I learned early on that being a pastor meant ten thousand things. Following Rev. Trotter when I was a boy, I saw that being a pastor meant making connections for people. It meant preaching on Sundays and visiting homes and hospitals. It meant finding people jobs when they came home from prison, going by Mary Moore’s house to get fishing rods, or praying in the sanctuary at night when no one else was there. It meant listening to leaders complain in meetings. It meant being under-appreciated and overworked. As a child I witnessed the wideness to our work as pastors.
But the long list of uncountable things congregational ministers do can, simply, miss it. I’ve grown and aged since my days as an up close student of Bishop Trotter, and I’ve seen how necessary it is to have people “rehearse the point” in my ears.
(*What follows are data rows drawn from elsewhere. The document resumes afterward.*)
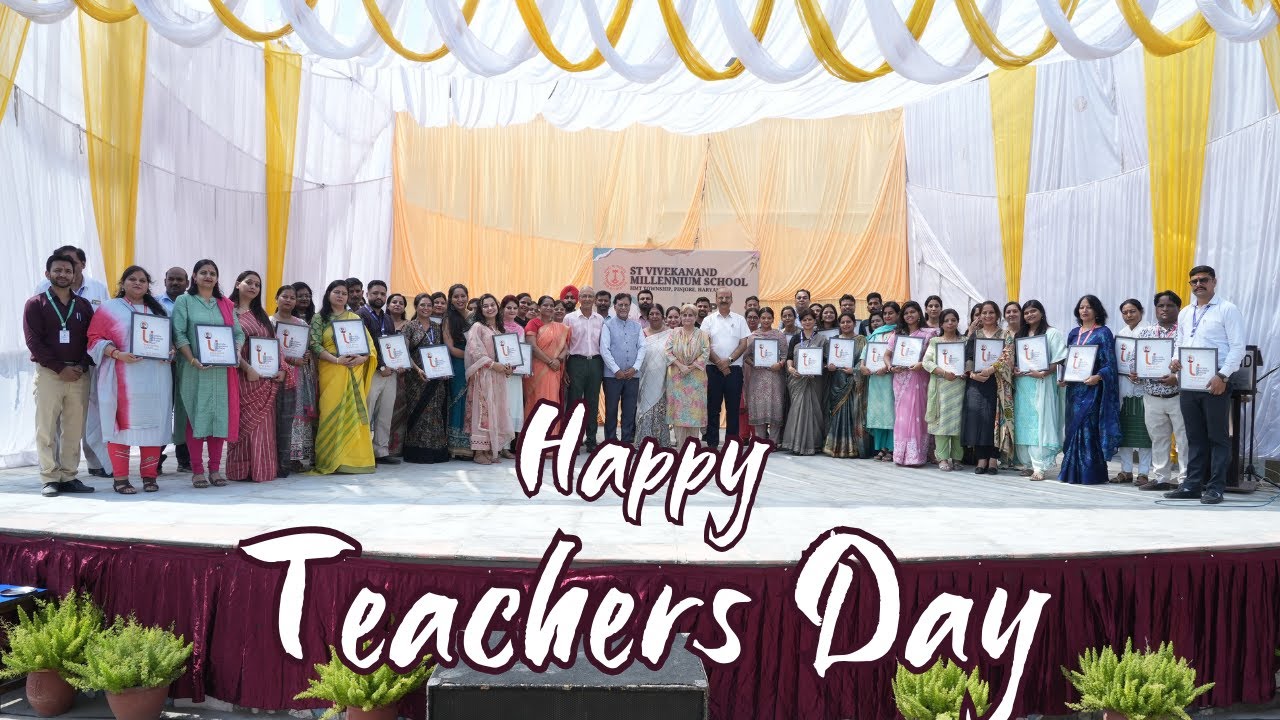 A Gratitude Journey: Teachers' Day || Happy Teachers Day 2023 || St Vivekanand Millennium School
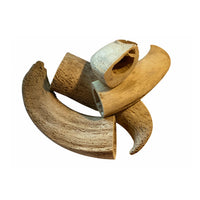 Water Buffalo Horn Core Dog Chews-2 Count-10 oz - Rozie's Pet Supply LLC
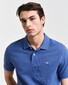 Gant Fine Shield Short Sleeve Piqué Uni Polo Vintage Blue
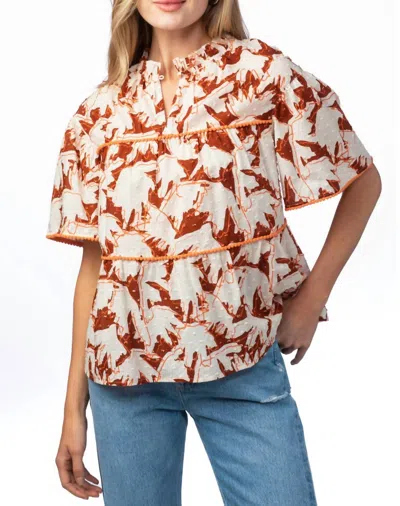 Crosby By Mollie Burch Ellis Top In Sycamore Shadows In Multi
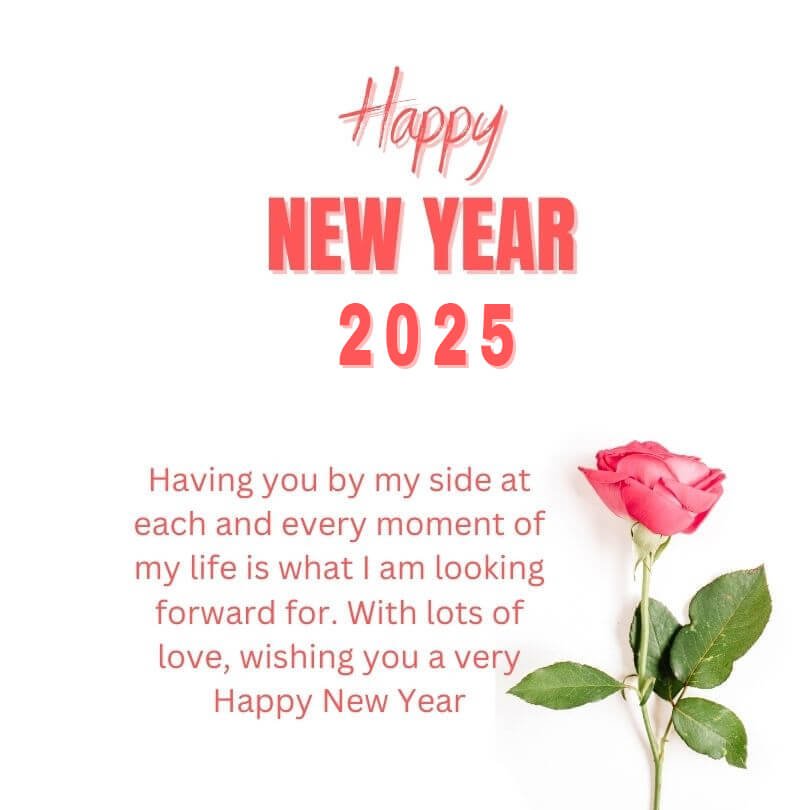 Special Happy New Year 2025 Greeting Card For Fiance To Wish New Year With Love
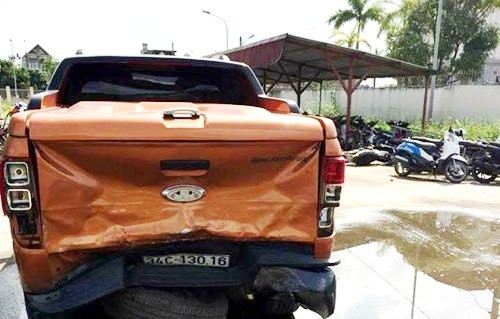 Phương tiện gây án của Nguyễn Văn Thắng bị công an Hải Dương tạm giữ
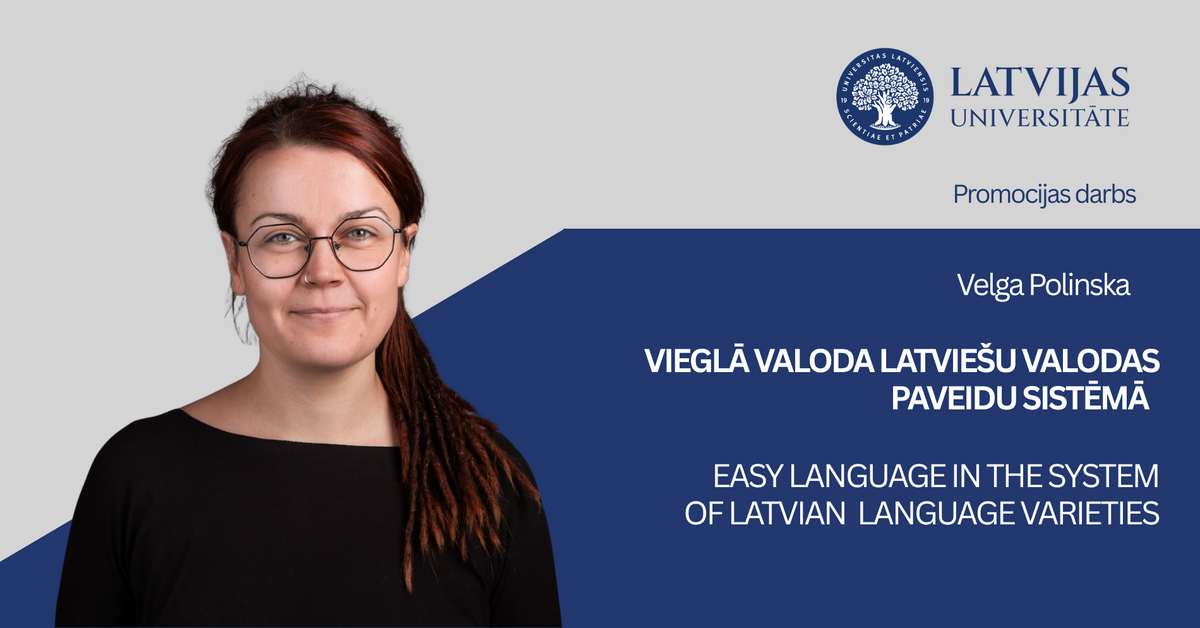 Velgas Poļinskas promocijas darba aizstāvēšanas paziņojums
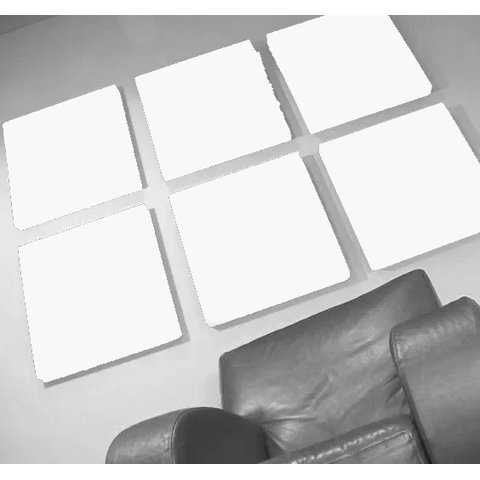 Painel Acústico Bl Acoustic 3102 - 50x50cm - Branco - 25mm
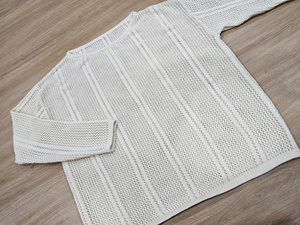 เสื้อสเวตเตอร์ลำลองสำหรับทุกเพศ, เสื้อสเวตเตอร์แบบถักสำหรับฤดูหนาวไซส์ใหญ่พิเศษเนื้อผ้าระบายอากาศได้ - Product Image 4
Yesterday I met with the team of adjuncts who’ll piece together a program in vocational formation that will attempt to remind first, second, and third year seminarians what our calling is about and, probably, what it’s not. One of my conversations last Sunday was a reminder to me.
When I sat with Byron at Letizia’s, we talked about things that matter. We launched into a conversation about Mystery, about sacred speech, about the ways we like to control our lives, about the usual practice of people taking too much on themselves and acting (poorly) like God. We talked theology.
Theology is talk or speech about God and us. It is talk that is informed by life. That is the word I use to sum up how we think about, believe, and live toward God. It’s not a Christian act but a human one. Everybody has a view or opinion of God. We have a perspective or an experience with God, even when we disbelieve in a deity. We live that view out. We talk that view out. We live, in a word, theologically.
That captures an important part of my role in people’s lives. As I’ve thought about my conversations with Byron over the time we known each other, he reminds me that I am essentially a worship leader. I lead people in worship. I remind people that there is a God and that that God is, and must be, responded to. Rather ignored or cursed or adored or answered, we respond.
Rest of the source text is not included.